*** Opening of Exercise data ***

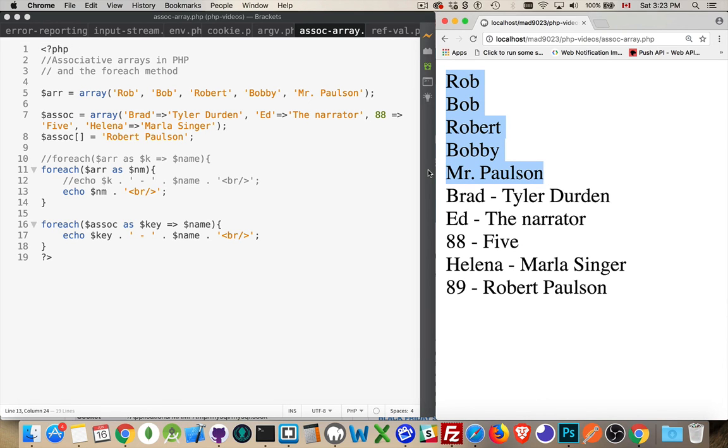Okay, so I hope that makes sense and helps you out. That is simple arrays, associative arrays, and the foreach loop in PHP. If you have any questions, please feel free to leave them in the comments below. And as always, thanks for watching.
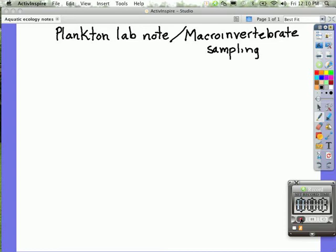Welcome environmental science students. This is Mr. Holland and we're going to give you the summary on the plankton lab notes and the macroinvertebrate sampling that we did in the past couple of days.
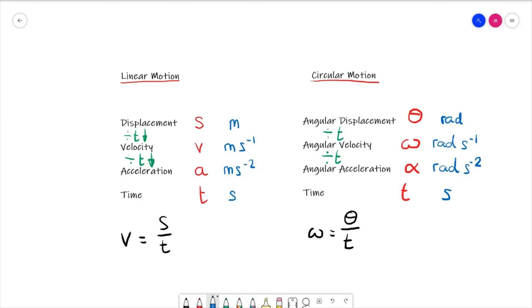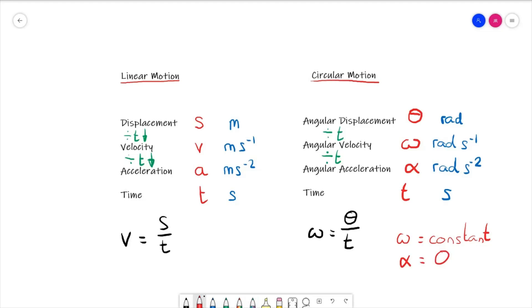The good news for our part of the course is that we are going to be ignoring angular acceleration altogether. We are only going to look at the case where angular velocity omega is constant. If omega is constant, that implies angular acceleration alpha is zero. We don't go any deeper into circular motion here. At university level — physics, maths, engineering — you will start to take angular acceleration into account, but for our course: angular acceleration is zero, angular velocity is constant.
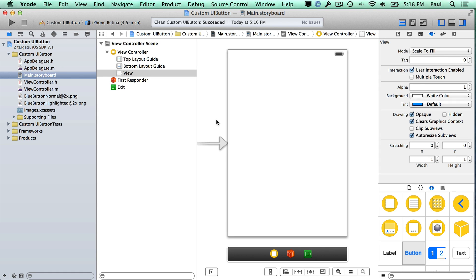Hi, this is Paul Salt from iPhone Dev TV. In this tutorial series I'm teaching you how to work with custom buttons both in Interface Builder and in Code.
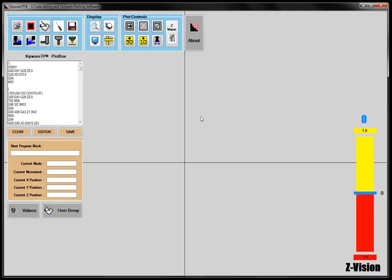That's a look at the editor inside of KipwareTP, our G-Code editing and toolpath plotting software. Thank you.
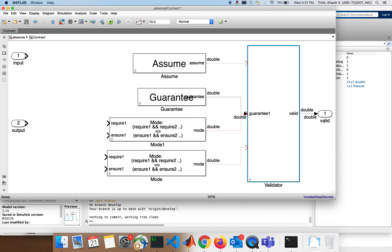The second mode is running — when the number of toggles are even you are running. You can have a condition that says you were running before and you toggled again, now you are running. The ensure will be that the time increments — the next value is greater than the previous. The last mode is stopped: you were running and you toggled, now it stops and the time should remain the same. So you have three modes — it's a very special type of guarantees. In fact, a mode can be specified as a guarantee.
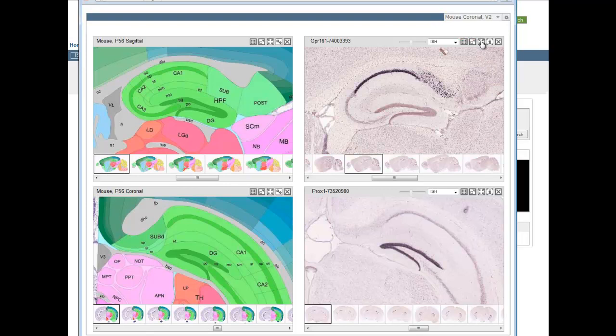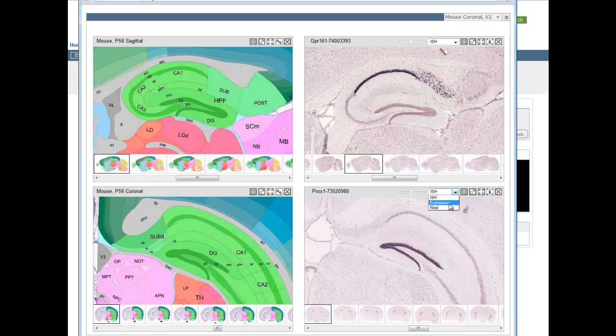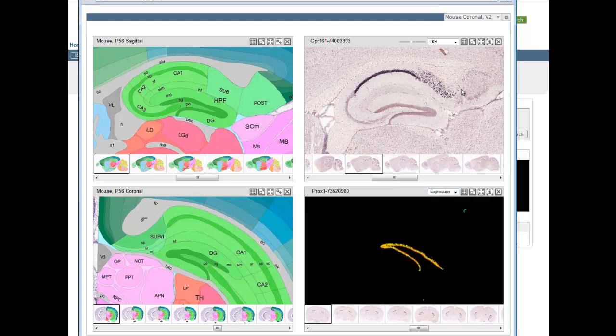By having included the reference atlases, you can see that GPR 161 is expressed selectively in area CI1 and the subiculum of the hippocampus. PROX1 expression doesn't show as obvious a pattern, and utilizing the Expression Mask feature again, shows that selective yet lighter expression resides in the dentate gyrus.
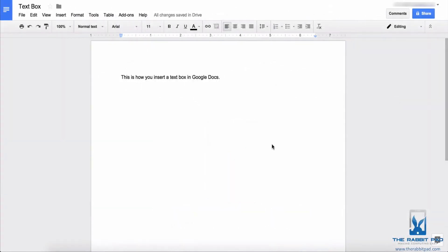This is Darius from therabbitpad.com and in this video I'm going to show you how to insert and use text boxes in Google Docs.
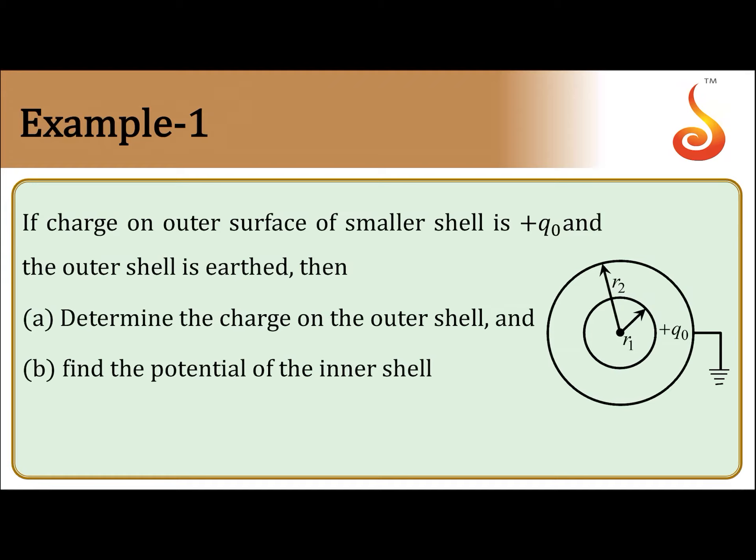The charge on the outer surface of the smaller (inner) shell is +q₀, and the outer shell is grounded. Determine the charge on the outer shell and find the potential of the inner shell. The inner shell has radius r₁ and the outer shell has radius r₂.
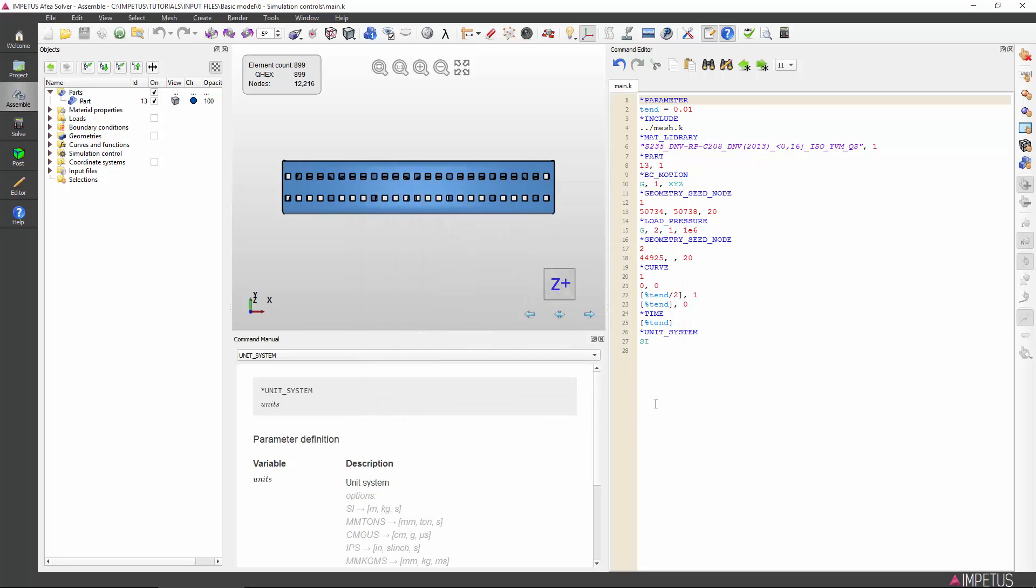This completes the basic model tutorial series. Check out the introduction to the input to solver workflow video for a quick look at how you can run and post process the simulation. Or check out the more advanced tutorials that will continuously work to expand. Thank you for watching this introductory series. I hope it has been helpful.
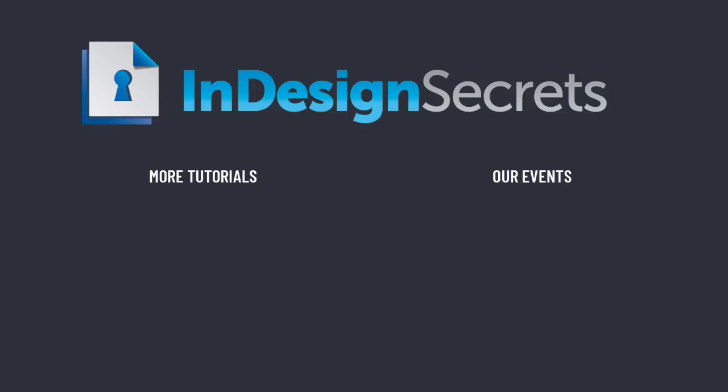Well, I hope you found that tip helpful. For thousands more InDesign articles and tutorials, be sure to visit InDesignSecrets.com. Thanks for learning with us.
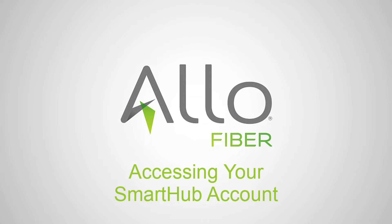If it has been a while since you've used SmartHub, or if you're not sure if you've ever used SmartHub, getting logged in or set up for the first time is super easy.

*** Close of Exercise data ***

What is needed
Every record above must be copied exactly; none of the pictures belong in the copy.

Task response
Okay, so I hope that makes sense and helps you out. That is simple arrays, associative arrays, and the foreach loop in PHP. If you have any questions, please feel free to leave them in the comments below. And as always, thanks for watching.
Welcome environmental science students. This is Mr. Holland and we're going to give you the summary on the plankton lab notes and the macroinvertebrate sampling that we did in the past couple of days.
The good news for our part of the course is that we are going to be ignoring angular acceleration altogether. We are only going to look at the case where angular velocity omega is constant. If omega is constant, that implies angular acceleration alpha is zero. We don't go any deeper into circular motion here. At university level — physics, maths, engineering — you will start to take angular acceleration into account, but for our course: angular acceleration is zero, angular velocity is constant.
Hi, this is Paul Salt from iPhone Dev TV. In this tutorial series I'm teaching you how to work with custom buttons both in Interface Builder and in Code.
That's a look at the editor inside of KipwareTP, our G-Code editing and toolpath plotting software. Thank you.
The second mode is running — when the number of toggles are even you are running. You can have a condition that says you were running before and you toggled again, now you are running. The ensure will be that the time increments — the next value is greater than the previous. The last mode is stopped: you were running and you toggled, now it stops and the time should remain the same. So you have three modes — it's a very special type of guarantees. In fact, a mode can be specified as a guarantee.
By having included the reference atlases, you can see that GPR 161 is expressed selectively in area CI1 and the subiculum of the hippocampus. PROX1 expression doesn't show as obvious a pattern, and utilizing the Expression Mask feature again, shows that selective yet lighter expression resides in the dentate gyrus.
This is Darius from therabbitpad.com and in this video I'm going to show you how to insert and use text boxes in Google Docs.
The charge on the outer surface of the smaller (inner) shell is +q₀, and the outer shell is grounded. Determine the charge on the outer shell and find the potential of the inner shell. The inner shell has radius r₁ and the outer shell has radius r₂.
This completes the basic model tutorial series. Check out the introduction to the input to solver workflow video for a quick look at how you can run and post process the simulation. Or check out the more advanced tutorials that will continuously work to expand. Thank you for watching this introductory series. I hope it has been helpful.
Well, I hope you found that tip helpful. For thousands more InDesign articles and tutorials, be sure to visit InDesignSecrets.com. Thanks for learning with us.
If it has been a while since you've used SmartHub, or if you're not sure if you've ever used SmartHub, getting logged in or set up for the first time is super easy.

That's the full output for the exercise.